*** Opening of Dataset records ***

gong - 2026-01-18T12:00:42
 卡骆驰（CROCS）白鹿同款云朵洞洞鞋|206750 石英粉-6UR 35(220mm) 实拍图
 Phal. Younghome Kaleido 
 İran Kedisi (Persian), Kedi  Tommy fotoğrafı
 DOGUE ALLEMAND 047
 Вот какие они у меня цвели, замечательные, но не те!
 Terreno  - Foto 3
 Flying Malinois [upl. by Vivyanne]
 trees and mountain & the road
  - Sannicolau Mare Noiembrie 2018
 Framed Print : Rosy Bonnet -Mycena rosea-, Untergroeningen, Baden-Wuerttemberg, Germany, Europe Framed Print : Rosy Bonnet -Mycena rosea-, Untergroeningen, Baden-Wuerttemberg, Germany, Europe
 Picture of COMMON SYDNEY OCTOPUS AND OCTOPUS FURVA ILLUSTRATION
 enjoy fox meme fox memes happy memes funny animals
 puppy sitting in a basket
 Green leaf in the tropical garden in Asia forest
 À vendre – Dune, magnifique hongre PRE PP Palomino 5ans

*** Close of Dataset records ***

• **Instructions to follow**
Your answer must be the line containing "Picture of COMMON" and each line after it in the listing above, copied exactly.

• **Response**
 Picture of COMMON SYDNEY OCTOPUS AND OCTOPUS FURVA ILLUSTRATION
 enjoy fox meme fox memes happy memes funny animals
 puppy sitting in a basket
 Green leaf in the tropical garden in Asia forest
 À vendre – Dune, magnifique hongre PRE PP Palomino 5ans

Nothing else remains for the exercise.